First of all, after my national service teaching in Ghana, I involved myself in my families’ traditional occupation, which was domestic animal trading. I traded animals like cattle, sheep, goats and even ducks. That was what I used to do, bringing these animals from our village to the city. I used to sell them in the market and sometimes to restaurants.
However, besides this I also concentrated on my professional skills which are graphic designing and painting. I should also mention that I have a background in theology and comparative religion – focusing on Christianity, Islam and traditional African religions. But back to my main passion – art. I started working with graphics and painting in primary school. I used to do basic thread designs and some paintings. In fact, lots of paintings. When I got to junior secondary school, I had to upgrade my skills. It was that time that I leant more deeply about painting.
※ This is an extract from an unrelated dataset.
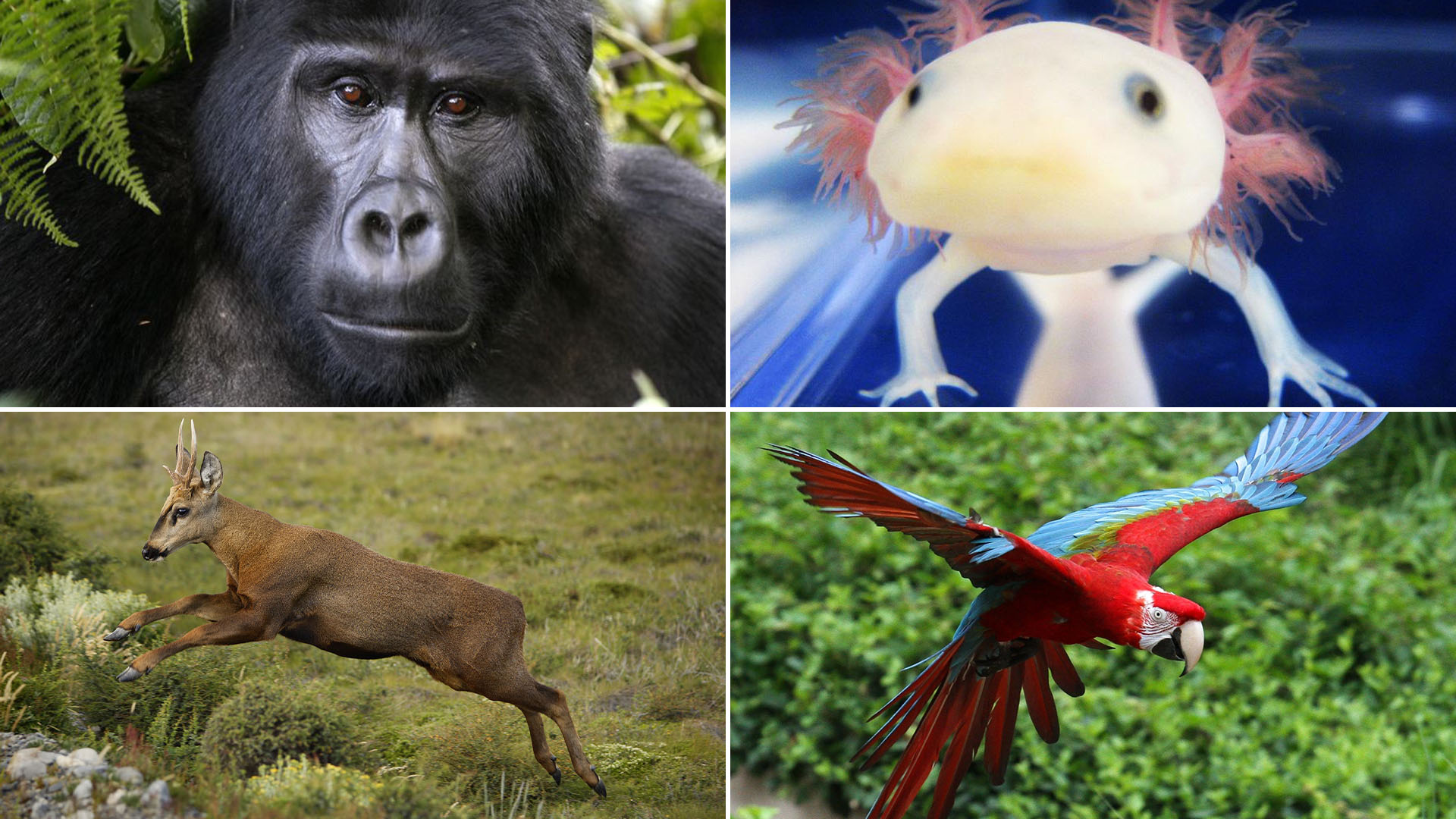 Cuáles son las 20 especies más emblemáticas que se encuentran en peligro de extinción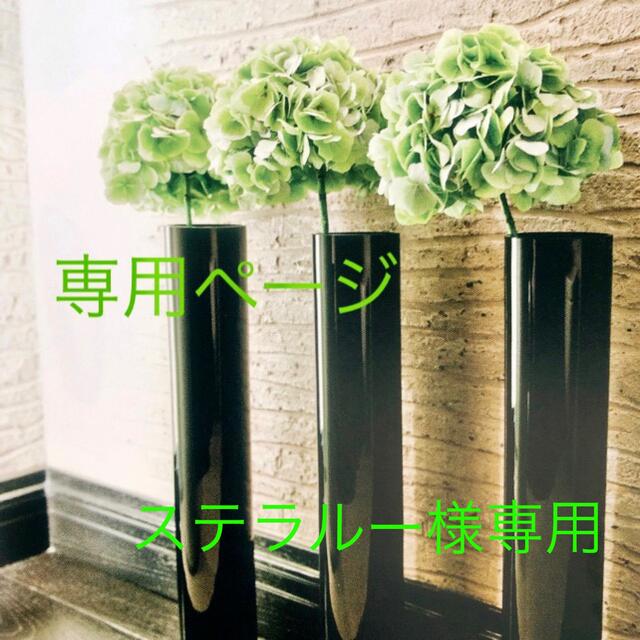 ステラルー様専用です₊⁎⁺˳✧༚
When I got to senior secondary school, computers were becoming more common in my country. So I decided to do art through computers. I used Corel Draw and other software’s. After I completed my senior secondary school I got admission to a college. Unity College of Art and Theology in Accra. It was there that I started making paintings and handicrafts for sale. I also used to teach some students about handcrafts, sometimes working in private schools teaching children drawing, painting and graphic design. My family knew of these skills I had. But I didn’t get any permanent employment in this field. Though these were the skills and passions I had, what I primarily did for money was my livestock trade.
As I previously said this was the traditional occupation within my family. Let me tell you a brief history of my families’ professions. My grandfather was the chief of hunters in my village in northern Ghana. Whenever they caught any animals, like antelopes, deer, grass cutters, sometimes even birds, in those days, they used to bring it to the road side and sell it to passing drivers. Those which were caught alive were sold to zoologists in the capital town. Sometimes even large snakes were sold. I remember we had skins of large snakes, antelopes, lions, leopards, anything except elephant skin. We used to keep some of these skins in our house to show that we were hunters. We also used to sell these skins to tourists. But it came to a time when my father’s side became less focused on serious hunting, mostly because of the increased forestry and environmental restrictions in Ghana. This was where my family turned back to live stock trading. This was a safe profession. This was my main profession. But art is still my main passion.